Laporan wartawan Tribunnews.com, Fahdi Fahlevi
TRIBUNNEWS.COM, JAKARTA - Pakar Hukum Tata Negara, Prof. Ibnu Sina Chandranegara mengungkapkan, penerbitan Perppu Nomor 2 tahun 2022 (Perppu Cipta Kerja) oleh Presiden adalah langkah yang penting.
Langkah ini, kata Ibnu, untuk mencegah kekosongan dalam konstitusi yang dapat menghambat pertumbuhan ekonomi.
"Meskipun sebagian besar kelompok yang menentangnya menganggap Perppu sebagai pelanggaran konstitusi, sebenarnya dalam segi formil, Presiden memiliki kewenangan untuk menerbitkan Perppu ini, yang dijamin oleh Pasal 22 UUD 1945," ujar Ibnu pada Rabu (27/9/2023).
Lebih lanjut, Ibnu menekankan, penerbitan Perppu Cipta Kerja oleh Presiden juga merupakan tindak lanjut dari keputusan yang dikeluarkan oleh Mahkamah Konstitusi (MK).
Dengan dikelurkannya Perpu Cipta Kerja, maka Majelis Hakim Mahkamah Konstitusi-lah yang berwenang untuk menilai terkait dengan penerbitan Perpu Cipta Kerja.
Baca juga: Presiden KSPSI Ngaku Dapat Bocoran, Putusan MK Soal UU Cipta Kerja Akan Berpihak ke Buruh
Keputusan ini, kata Ibnu, seharusnya dipahami dan dihormati karena merupakan hak eksklusif yang dimiliki oleh Presiden.
"Selain itu, tindakan penerbitan Perppu ini tidak dapat dianggap sebagai pembangkangan konstitusi atau yang dikenal dengan istilah 'constitutional disobedience,' karena didasarkan pada kewenangan konstitusional yang dimiliki oleh Presiden," ungkap Ibnu.
Polemik terkait belum disahkannya Perppu Cipta Kerja sebagai Undang-Undang oleh DPR dalam sesi yang sama saat pengajuan tidak dapat membatalkan Perppu ini.
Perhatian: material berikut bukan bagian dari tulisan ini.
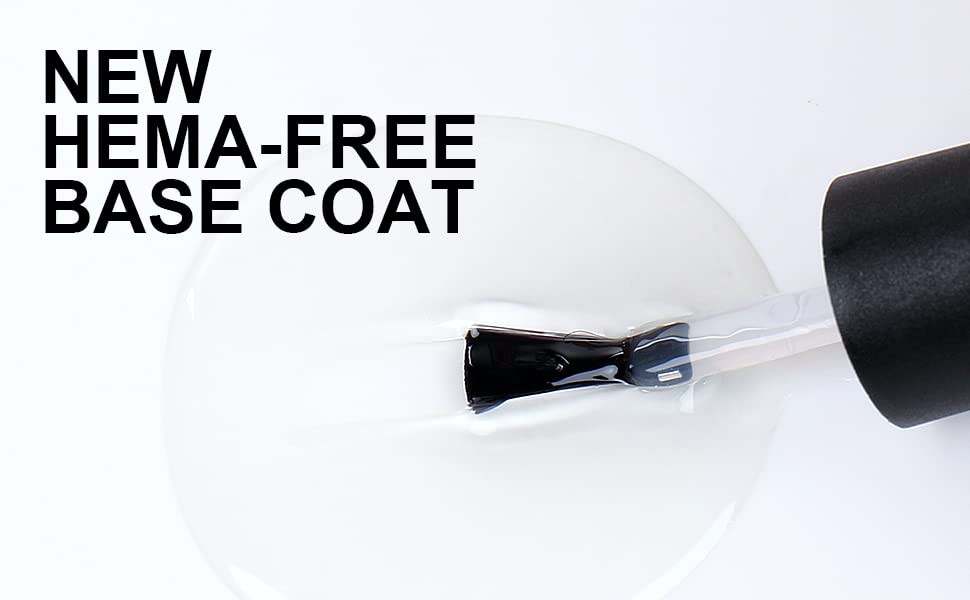 AIMEILI Base Coat Gel Nail Polish Soak Off UV LED Gel Nail Varnish 10ml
Perppu yang telah diajukan ke DPR hanya dapat dicabut apabila tidak mendapatkan persetujuan yang secara resmi disampaikan oleh DPR.
Ibnu juga menjelaskan bahwa dalam prinsipnya, penyusunan Perppu Cipta Kerja telah memperhatikan prinsip partisipasi yang bermakna.
Namun, ia menegaskan bahwa karena Perppu merupakan hak prerogatif Presiden, maka keputusan mengenai pihak-pihak yang akan dimintai masukan berada di tangan Presiden.
"Presiden memiliki hak untuk menentukan siapa yang harus didengarkan dan dipertimbangkan (choose to be heard dan choose to be considered), bahkan hingga menentukan siapa yang harus memberikan penjelasan," pungkas Ibnu.